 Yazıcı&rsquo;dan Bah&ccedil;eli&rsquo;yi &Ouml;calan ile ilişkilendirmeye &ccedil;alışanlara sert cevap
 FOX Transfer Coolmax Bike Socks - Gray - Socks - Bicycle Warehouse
※ ※ ※
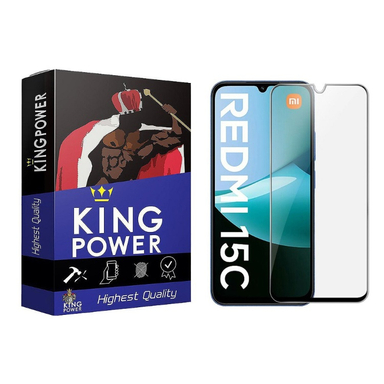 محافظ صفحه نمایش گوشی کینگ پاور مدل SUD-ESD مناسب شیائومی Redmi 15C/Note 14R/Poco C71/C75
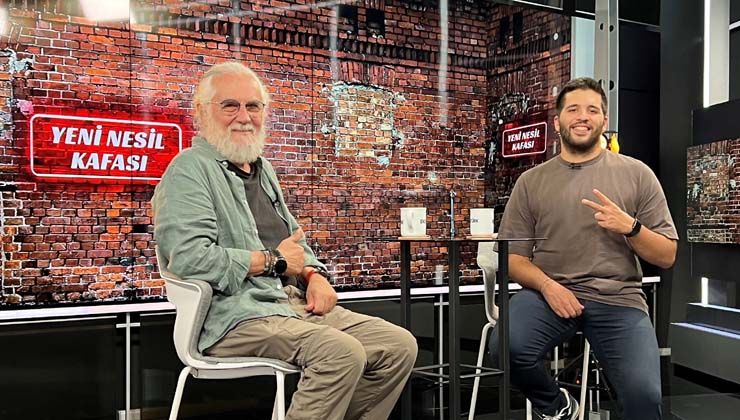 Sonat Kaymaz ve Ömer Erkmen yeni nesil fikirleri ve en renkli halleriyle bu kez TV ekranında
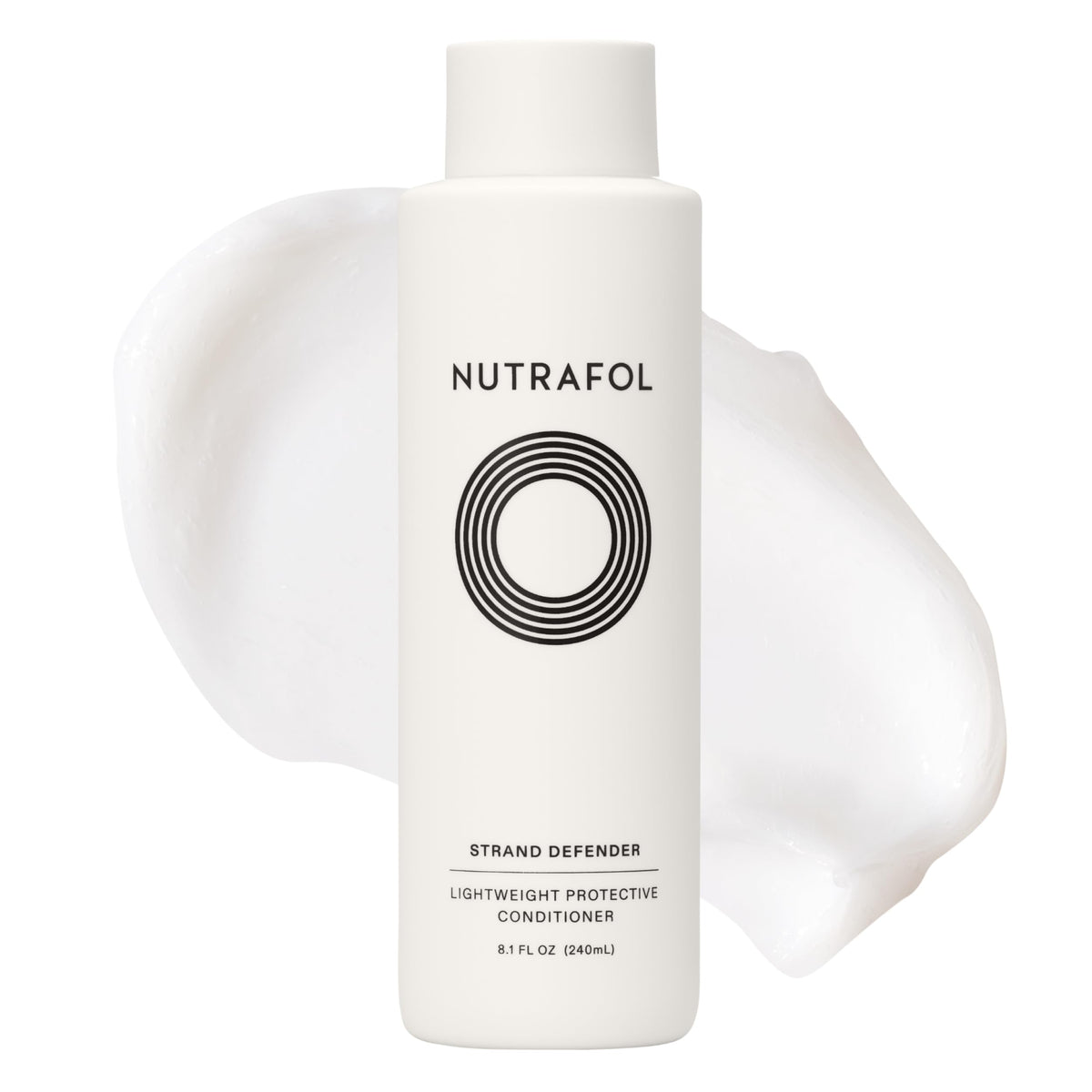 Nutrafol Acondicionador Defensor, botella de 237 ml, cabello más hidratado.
※ ※ ※
> What you are asked to do
Reproduce only the lines above spanning from the line containing "Yazıcı&rsquo;dan Bah&ccedil;eli&rsquo;yi &Ouml;calan" through the line containing "FOX Transfer Coolmax", word for word.

> Response to the exercise
 Yazıcı&rsquo;dan Bah&ccedil;eli&rsquo;yi &Ouml;calan ile ilişkilendirmeye &ccedil;alışanlara sert cevap
 FOX Transfer Coolmax Bike Socks - Gray - Socks - Bicycle Warehouse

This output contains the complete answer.